Anders Danielsen Lie plays him brilliantly, capturing his arrogance, his cunning and his complete lack of empathy with any of his victims. At one stage, just after he has been arrested, we see him casually eating pizza and drinking cola as he thinks of ways he can manipulate the Norwegian political and judicial system.

His mother, who cuts a pathetic and lonely figure who doesn’t want to be linked with him, tells the authorities that Brevik grew up as “a normal boy”; that he was kind and intelligent and loved affection.

Breivik openly admits that murdering the young people on the island was his way of hitting the liberal elite. These youngsters were the children of politicians and expected to become future leaders themselves. However, mob justice isn’t allowed to apply.

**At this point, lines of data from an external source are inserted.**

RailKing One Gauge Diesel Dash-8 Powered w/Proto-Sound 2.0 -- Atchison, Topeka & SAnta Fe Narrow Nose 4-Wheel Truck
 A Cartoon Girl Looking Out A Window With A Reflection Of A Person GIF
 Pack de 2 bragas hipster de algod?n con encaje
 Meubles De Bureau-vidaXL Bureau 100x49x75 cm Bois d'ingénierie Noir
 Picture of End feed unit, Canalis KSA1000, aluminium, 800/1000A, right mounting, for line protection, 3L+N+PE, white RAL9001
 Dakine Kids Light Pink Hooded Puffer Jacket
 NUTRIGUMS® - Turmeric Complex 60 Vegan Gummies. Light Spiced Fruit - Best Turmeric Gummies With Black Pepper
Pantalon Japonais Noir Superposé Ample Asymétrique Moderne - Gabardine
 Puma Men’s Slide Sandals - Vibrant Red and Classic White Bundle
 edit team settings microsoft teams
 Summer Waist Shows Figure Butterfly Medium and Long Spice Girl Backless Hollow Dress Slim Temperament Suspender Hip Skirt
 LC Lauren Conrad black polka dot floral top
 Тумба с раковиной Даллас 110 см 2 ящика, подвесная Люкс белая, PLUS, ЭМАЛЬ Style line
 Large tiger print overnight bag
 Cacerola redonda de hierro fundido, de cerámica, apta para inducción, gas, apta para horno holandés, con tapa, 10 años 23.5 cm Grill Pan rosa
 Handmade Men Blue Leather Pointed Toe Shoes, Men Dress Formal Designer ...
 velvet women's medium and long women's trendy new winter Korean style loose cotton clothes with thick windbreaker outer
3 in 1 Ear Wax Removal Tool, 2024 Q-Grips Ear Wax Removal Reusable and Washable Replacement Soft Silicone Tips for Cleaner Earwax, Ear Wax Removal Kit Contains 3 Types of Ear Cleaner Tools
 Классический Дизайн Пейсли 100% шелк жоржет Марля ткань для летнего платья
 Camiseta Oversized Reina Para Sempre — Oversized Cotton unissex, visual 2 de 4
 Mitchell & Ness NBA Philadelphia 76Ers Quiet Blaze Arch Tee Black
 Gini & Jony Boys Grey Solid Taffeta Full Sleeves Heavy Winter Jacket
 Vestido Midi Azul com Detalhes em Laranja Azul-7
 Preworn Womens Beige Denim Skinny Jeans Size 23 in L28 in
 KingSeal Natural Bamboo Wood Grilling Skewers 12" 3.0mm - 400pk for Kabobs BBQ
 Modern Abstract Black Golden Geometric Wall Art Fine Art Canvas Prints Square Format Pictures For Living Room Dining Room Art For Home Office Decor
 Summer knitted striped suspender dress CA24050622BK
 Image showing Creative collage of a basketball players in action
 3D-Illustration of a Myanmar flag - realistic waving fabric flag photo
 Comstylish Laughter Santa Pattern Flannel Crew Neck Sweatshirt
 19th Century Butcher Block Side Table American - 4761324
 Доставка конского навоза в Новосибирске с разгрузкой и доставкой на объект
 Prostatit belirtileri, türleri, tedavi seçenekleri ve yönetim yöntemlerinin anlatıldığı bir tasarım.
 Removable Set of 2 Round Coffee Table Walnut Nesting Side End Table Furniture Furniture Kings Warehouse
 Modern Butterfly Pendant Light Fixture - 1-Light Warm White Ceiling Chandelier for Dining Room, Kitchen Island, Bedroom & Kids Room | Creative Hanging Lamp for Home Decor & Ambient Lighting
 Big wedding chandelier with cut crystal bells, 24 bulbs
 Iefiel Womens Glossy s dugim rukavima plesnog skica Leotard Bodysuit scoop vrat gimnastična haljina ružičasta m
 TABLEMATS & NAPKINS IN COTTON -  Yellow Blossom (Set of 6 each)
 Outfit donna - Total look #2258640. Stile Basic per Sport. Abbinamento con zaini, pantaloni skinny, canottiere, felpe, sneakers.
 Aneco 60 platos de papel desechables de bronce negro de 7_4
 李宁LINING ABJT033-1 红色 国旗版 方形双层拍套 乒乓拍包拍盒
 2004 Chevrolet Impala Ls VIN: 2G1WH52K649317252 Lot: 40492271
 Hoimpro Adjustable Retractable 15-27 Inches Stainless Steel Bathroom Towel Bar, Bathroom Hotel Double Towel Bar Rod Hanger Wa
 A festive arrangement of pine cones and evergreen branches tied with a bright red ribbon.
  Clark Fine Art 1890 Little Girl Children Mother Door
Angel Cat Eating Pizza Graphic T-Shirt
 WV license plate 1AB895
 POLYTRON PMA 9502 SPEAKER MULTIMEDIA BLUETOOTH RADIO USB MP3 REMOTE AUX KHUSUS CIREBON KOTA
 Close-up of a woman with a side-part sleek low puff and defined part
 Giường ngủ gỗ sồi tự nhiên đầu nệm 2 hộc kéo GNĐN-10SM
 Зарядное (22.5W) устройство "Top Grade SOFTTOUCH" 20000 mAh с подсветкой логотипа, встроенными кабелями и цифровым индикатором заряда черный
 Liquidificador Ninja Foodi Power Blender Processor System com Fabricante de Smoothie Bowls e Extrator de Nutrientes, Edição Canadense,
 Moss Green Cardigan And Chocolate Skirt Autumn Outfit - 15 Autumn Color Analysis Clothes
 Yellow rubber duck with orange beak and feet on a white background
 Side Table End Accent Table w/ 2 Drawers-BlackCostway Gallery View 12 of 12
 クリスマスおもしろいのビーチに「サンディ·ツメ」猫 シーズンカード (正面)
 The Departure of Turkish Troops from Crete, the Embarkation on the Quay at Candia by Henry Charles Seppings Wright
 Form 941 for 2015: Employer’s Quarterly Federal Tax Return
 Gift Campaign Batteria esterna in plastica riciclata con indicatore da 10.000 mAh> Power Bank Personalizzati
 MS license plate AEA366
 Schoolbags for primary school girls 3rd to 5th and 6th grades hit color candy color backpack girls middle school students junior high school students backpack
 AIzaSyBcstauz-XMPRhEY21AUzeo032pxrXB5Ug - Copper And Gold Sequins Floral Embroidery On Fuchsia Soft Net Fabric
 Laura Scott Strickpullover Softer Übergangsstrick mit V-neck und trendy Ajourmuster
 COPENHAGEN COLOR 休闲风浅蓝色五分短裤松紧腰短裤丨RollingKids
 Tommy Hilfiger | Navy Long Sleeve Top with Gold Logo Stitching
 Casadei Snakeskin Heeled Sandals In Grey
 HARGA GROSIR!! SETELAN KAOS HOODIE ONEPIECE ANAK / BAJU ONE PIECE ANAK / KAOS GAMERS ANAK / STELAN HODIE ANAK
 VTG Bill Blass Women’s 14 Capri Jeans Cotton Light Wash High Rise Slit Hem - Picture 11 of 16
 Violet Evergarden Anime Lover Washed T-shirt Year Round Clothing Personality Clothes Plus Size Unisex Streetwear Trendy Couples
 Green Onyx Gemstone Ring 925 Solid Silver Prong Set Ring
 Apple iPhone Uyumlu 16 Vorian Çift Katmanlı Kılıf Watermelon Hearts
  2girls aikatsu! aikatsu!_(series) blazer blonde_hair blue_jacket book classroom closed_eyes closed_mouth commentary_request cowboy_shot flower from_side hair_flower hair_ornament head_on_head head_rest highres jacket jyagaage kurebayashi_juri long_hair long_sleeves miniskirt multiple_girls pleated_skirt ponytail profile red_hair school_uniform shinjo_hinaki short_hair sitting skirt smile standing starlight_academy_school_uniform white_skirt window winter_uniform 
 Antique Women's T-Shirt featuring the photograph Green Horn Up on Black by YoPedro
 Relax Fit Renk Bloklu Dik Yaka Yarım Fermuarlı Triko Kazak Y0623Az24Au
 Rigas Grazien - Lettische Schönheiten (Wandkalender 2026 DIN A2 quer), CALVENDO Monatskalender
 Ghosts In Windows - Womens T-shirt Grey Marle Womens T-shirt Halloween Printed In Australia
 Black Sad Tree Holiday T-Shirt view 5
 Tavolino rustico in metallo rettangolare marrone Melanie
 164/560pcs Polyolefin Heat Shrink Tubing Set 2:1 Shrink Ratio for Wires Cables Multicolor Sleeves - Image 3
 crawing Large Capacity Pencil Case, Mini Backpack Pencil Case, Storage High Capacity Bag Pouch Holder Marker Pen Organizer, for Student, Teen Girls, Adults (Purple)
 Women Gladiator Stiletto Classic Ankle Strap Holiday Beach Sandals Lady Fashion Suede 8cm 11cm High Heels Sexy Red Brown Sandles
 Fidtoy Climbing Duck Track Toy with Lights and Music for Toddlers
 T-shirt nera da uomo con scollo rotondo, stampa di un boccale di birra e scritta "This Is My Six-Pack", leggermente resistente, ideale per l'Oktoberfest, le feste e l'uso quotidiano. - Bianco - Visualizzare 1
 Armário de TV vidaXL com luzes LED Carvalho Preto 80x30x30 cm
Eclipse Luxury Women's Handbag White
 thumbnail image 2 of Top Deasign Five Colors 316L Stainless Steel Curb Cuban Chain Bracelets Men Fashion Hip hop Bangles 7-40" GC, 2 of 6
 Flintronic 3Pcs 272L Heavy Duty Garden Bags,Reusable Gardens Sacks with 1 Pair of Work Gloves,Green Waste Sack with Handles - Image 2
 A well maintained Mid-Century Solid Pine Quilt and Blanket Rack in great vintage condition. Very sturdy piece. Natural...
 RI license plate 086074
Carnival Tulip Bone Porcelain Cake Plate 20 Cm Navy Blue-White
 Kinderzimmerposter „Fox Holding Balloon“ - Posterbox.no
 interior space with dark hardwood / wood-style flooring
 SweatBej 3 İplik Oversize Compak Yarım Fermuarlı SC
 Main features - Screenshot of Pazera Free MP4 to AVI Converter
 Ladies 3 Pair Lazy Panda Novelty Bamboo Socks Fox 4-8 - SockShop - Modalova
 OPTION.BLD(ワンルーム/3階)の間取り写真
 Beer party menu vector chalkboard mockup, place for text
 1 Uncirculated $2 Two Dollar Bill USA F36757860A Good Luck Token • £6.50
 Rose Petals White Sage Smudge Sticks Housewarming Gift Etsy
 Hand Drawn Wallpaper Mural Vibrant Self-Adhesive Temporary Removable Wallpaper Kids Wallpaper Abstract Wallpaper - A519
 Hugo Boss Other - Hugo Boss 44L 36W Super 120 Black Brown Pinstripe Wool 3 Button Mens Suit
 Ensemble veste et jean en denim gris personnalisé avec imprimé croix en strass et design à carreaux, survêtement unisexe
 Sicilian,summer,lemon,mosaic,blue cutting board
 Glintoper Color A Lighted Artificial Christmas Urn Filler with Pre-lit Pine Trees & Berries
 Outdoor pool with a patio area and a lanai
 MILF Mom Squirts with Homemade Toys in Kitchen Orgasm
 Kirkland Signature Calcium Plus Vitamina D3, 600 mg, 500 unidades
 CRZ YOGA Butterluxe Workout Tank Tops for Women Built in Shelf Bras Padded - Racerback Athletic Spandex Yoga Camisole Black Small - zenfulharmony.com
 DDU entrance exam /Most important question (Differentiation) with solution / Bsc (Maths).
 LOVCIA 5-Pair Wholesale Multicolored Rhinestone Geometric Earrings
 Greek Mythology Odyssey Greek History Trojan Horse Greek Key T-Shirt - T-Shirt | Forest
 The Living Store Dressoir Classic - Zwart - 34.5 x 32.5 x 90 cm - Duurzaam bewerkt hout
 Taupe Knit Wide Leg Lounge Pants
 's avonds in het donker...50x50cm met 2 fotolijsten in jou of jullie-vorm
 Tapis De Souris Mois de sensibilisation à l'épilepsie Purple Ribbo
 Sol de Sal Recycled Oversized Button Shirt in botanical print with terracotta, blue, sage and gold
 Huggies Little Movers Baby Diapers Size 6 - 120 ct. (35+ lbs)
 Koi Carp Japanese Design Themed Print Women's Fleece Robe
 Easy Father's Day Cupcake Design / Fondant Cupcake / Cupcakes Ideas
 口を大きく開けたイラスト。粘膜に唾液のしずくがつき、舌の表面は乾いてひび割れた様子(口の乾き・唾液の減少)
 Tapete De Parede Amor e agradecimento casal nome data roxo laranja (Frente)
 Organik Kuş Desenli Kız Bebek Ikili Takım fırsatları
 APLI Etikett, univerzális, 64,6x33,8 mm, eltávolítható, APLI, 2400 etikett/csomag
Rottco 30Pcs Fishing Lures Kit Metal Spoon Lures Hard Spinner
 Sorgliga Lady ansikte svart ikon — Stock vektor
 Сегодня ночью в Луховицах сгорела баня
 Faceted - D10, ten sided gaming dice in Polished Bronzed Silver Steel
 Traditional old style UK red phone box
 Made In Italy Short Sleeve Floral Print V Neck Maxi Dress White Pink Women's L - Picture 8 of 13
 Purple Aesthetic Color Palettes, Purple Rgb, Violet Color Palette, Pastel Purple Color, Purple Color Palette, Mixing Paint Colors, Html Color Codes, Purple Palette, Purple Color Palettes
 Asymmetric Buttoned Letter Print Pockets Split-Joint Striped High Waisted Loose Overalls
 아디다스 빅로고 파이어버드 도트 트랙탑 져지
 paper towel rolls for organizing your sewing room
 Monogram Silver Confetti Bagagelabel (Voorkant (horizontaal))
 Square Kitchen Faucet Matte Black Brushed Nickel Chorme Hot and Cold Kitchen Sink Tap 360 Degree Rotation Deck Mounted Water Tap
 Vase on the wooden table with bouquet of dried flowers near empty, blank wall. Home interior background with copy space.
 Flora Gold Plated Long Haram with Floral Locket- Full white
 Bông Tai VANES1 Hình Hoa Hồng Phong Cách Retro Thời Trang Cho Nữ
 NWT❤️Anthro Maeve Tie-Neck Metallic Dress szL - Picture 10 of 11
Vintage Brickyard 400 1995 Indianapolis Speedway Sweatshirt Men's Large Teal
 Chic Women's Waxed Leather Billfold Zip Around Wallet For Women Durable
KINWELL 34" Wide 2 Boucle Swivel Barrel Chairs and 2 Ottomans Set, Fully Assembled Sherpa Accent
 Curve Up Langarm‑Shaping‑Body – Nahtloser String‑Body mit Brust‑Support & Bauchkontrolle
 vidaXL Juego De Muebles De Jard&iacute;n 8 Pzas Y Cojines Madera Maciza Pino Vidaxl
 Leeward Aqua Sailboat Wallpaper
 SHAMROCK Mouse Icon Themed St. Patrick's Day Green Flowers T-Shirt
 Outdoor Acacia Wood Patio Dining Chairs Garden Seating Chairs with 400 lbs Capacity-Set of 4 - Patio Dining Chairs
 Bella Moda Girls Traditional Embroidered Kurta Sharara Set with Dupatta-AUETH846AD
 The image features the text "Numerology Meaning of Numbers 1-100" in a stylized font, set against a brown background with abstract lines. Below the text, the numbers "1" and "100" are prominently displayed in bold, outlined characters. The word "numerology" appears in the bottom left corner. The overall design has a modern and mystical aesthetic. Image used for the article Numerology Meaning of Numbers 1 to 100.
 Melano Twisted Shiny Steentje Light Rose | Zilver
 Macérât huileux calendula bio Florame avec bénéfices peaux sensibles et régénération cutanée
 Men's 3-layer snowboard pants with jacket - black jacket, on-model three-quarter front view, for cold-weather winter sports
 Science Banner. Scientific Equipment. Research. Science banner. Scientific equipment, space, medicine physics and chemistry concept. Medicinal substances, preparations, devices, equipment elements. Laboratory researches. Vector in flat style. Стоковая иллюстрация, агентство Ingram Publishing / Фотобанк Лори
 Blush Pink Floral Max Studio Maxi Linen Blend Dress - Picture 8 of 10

The Norwegians go out of their way to give their most notorious mass murderer a fair trial. He knows just how to goad and upset them. The chance to justify his actions in open court is the third part of his attack, following on from the bombing and the shooting.

Greengrass’s decision to concentrate on a single survivor, Viljar Hanssen, initially seems trite and even melodramatic. Viljar is just one of countless other stories that the film could have foregrounded. There is a sense we are being manipulated and presented with a conventional tale of survival against the odds.

We see surgeons operating on him as he hovers near death. Even after he regains consciousness, he is horribly injured and has bullet fragments still inside his skull, close to the stem of his brain, that could kill him at any time.

Viljar has very dark moments during his rehabilitation; he is angry and traumatised but the point that Greengrass drives home about him again and again is that he is still the polar opposite of Breivik. He epitomises the values that the gunman tried to destroy. He is part of a community. Breivik, for all his talk of followers who share his values, is all on his own.

22 July never feels exploitative. It is a subtle, multi-layered and very affecting drama that confronts the darkest episode in recent Norwegian history but still manages to strike a redemptive note.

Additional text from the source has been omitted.